A new Washington Post-Pew Research Center Poll, here, on the recent failure of gun legislation, casts broader light on the political polarization that began in the 1980s and has increasingly characterized American democracy ever since. In sorting out the causes of this polarization, a major question is whether polarization in Congress distorts the much more centrist preferences of the broader public or whether Congressional polarization reflects a polarized public.
A common perception is that a large majority of the public support gun legislation of the sort that recently failed, which would suggest the polarization in Congress is a distortion of “public opinion.” The most provocative finding of this new poll, in contrast, is that, of those “very closely” following the legislation process, the split was virtually even regarding whether they were pleased or not that the legislation had failed: 48 percent said they were angry/disappointed, and 47 percent were relieved or happy. Democracies tend to respond to the most politically engaged citizens. These data suggest support for the view that polarization in Congress, on this issue at least, reflects polarization among the engaged electorate.

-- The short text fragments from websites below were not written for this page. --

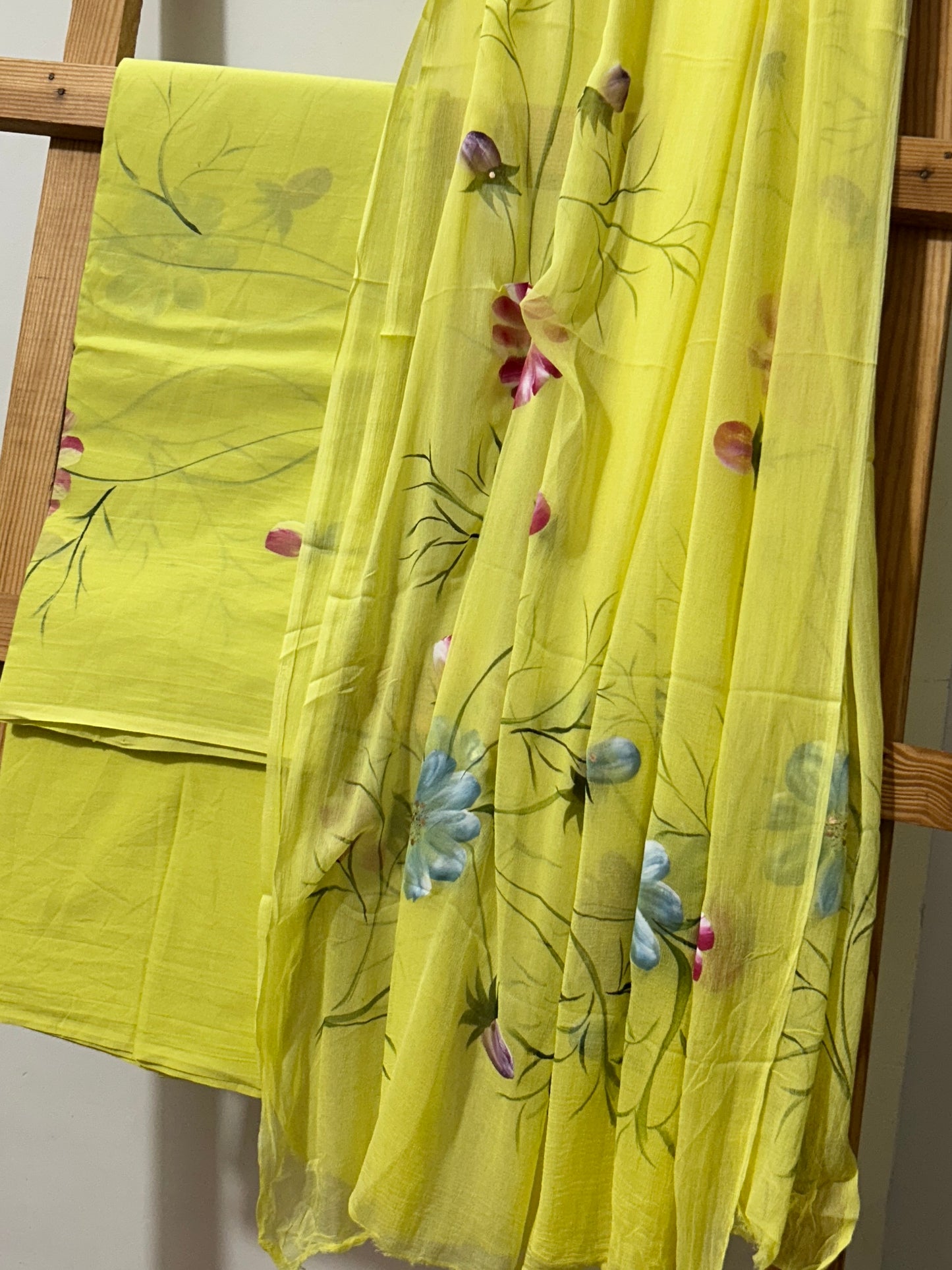 Hand Painted Cotton Dress material with Chiffon Dupatta *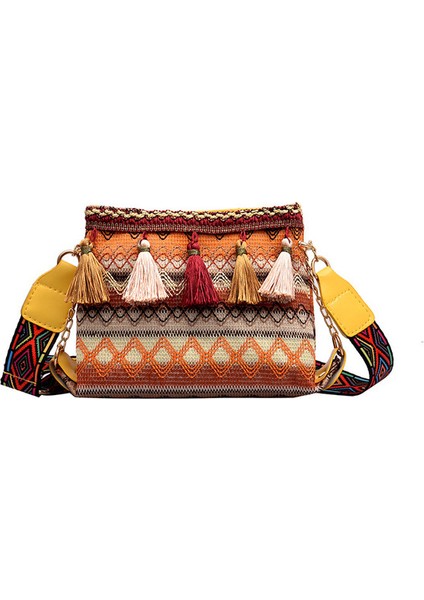 Sarı Kadın Etnik Stil Omuz Çantası Ayarlanabilir Askılı Alacalı Renk Fringe Dekorlu Fanny Paketi Rahat Crossbody Askılı Çantalar (Yurt Dışından)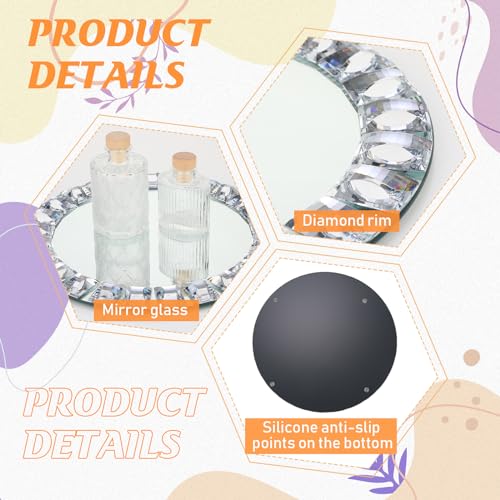 Silver Mirrored Glass Charger Plates Set of 6 - Square Diamond Rim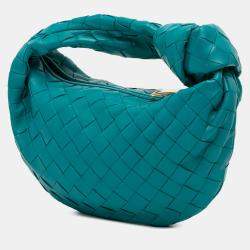 Pre Owned Bottega Veneta Blue Mini Nappa Intrecciato Jodie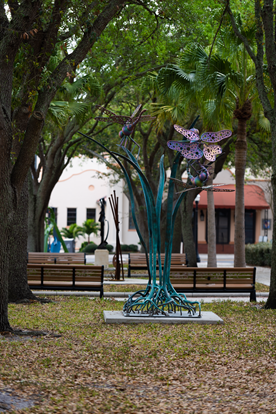 Paul Russell steel sculpture - dragonflies and plants
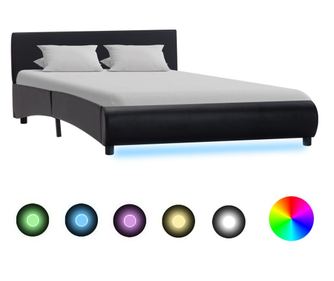 Рамка за легло с LED осветление, черна, 140 x 200 см, еко кожа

This result is also in line with some of best recent empirical work on polarization more generally. In the mid-2000s, Morris Fiorina and others published a book, Culture War? The Myth of a Polarized America, which argued that Americans were generally less partisan and more centrist than members of Congress. More recently, though, Alan Abramowitz concluded in The Disappearing Center that the more people care about and engage in political activity (such as voting), the more polarized they become; with increased political participation comes increased polarization. This new poll data on gun legislation appears to further support that view. If so, Congressional polarization is not a distortion of what the most politically engaged Americans believe, but a reflection of those beliefs.